# Support for elevated Eldon track



## billyboy46 (May 1, 2009)

Dear friends,

I am constructing a huge eldon layout and a large portion needs to be elevated above the base track. I need a recommendation about how to support the track. The original tresstles are of course quite inadequate. I was thinking about using Masonite cut out to size under the elevated track and then making supports where needed. Whatever I use needs to flex slightly. Any recommendations? Thanks, :thumbsupr. Bill


----------



## SCJ (Jul 15, 1999)

billyboy46 said:


> Dear friends,
> 
> I am constructing a huge eldon layout and a large portion needs to be elevated above the base track. I need a recommendation about how to support the track. The original tresstles are of course quite inadequate. I was thinking about using Masonite cut out to size under the elevated track and then making supports where needed. Whatever I use needs to flex slightly. Any recommendations? Thanks, :thumbsupr. Bill


Your right on track. Masonite, 2x's and drywall screws work great and they take paint/sealer well, I've built several tracks in this manner. Or you could spend a little extra and buy one of those way cool stainless steel bridges I've been seeing on ebay as of late....depending on your layout this could be a very nice "feature".

-------------------------
www.SlotCarJohnnies.com


----------



## billyboy46 (May 1, 2009)

thanks, great ideas. Dr. Bill


----------



## Jim Norton (Jun 29, 2007)

*Afx*

First, find some old Aurora AFX trestle stacks.

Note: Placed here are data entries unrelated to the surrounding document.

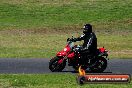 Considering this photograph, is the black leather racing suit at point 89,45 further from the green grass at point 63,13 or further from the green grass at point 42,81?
the green grass at point 63,13

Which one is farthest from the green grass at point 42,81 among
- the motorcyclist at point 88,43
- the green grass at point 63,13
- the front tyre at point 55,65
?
the green grass at point 63,13

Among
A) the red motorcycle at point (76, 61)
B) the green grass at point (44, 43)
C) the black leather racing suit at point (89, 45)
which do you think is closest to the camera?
the black leather racing suit at point (89, 45)

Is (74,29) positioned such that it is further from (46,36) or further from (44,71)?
(44,71)

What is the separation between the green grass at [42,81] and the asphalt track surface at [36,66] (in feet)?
5.08

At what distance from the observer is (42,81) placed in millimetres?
15734

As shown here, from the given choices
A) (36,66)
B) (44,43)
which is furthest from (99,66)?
(44,43)

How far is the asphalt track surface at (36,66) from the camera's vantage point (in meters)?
18.6

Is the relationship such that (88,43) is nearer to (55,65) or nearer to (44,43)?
(55,65)

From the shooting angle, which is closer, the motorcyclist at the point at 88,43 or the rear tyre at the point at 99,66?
the motorcyclist at the point at 88,43

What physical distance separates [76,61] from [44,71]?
1.27 metres

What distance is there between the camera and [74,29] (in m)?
32.7

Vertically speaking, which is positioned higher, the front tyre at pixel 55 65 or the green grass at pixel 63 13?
the front tyre at pixel 55 65

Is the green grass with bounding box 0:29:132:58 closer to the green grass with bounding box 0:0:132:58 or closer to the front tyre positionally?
the green grass with bounding box 0:0:132:58

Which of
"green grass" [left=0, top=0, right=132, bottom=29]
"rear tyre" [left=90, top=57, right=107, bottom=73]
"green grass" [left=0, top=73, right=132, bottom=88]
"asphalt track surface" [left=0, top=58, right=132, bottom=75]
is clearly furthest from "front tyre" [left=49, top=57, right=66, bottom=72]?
"green grass" [left=0, top=0, right=132, bottom=29] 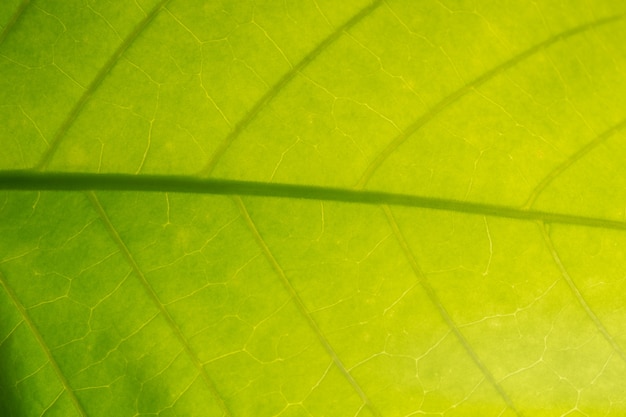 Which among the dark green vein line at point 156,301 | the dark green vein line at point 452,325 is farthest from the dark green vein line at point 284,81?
the dark green vein line at point 452,325

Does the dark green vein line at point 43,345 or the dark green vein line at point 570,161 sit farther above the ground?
the dark green vein line at point 570,161

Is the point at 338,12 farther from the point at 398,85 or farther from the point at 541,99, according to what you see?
the point at 541,99

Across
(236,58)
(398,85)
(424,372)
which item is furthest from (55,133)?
(424,372)

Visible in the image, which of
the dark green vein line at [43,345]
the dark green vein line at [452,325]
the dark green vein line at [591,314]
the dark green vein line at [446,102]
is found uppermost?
the dark green vein line at [446,102]

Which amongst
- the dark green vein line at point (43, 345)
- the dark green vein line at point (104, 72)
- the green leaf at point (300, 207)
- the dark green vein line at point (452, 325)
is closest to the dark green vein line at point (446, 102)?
the green leaf at point (300, 207)

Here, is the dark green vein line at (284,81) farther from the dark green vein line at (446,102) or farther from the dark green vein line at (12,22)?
the dark green vein line at (12,22)

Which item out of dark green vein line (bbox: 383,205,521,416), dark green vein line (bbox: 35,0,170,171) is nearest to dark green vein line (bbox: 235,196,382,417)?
dark green vein line (bbox: 383,205,521,416)

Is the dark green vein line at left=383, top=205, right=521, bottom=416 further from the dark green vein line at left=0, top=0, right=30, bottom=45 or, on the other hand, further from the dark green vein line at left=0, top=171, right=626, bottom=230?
the dark green vein line at left=0, top=0, right=30, bottom=45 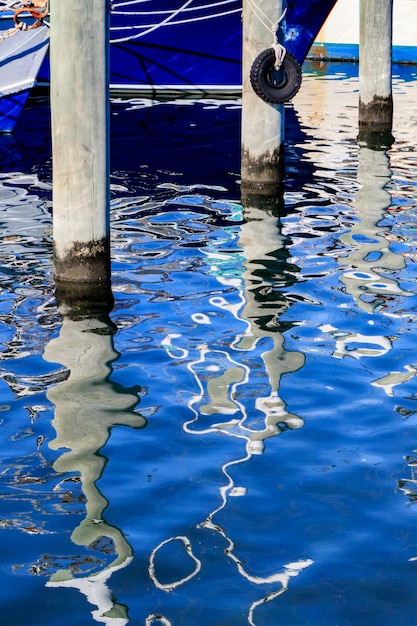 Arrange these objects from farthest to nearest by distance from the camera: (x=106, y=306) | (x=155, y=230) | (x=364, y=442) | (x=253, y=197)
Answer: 1. (x=253, y=197)
2. (x=155, y=230)
3. (x=106, y=306)
4. (x=364, y=442)

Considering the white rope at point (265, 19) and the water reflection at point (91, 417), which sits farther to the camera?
the white rope at point (265, 19)

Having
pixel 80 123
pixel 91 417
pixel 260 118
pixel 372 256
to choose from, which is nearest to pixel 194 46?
pixel 260 118

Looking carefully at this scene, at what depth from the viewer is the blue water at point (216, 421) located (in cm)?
392

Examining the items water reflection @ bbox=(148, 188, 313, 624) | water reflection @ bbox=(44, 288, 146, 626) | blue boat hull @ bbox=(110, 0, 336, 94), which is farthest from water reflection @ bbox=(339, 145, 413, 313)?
blue boat hull @ bbox=(110, 0, 336, 94)

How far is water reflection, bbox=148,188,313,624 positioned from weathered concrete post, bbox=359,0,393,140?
5.29 metres

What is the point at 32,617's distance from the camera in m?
3.72

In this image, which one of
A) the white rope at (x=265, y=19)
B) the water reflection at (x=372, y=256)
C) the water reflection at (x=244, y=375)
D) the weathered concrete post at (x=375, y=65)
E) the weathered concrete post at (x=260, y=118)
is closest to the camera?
the water reflection at (x=244, y=375)

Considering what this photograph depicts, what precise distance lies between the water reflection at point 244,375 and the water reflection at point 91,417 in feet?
0.71

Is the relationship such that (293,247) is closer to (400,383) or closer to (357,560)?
(400,383)

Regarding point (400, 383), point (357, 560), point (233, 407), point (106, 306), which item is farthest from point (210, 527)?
point (106, 306)

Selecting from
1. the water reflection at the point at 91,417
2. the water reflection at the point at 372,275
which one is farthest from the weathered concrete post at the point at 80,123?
the water reflection at the point at 372,275

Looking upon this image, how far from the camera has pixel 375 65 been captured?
13.0 metres

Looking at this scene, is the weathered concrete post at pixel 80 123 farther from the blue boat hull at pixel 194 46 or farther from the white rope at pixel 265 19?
the blue boat hull at pixel 194 46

We have used wood 1 x 2s (or less) with an Aurora "single" stackable trestle piece screwed to the underside of each end.

Cut the 1 x long enough for the span, prepare the ends as mentioned above and stack the trestle pieces to the required height. 

Works great!

Jim Norton
Huntsville, AL


----------



## billyboy46 (May 1, 2009)

Jim, Thanks alot! sounds like a good way to go....:thumbsup: Bill


----------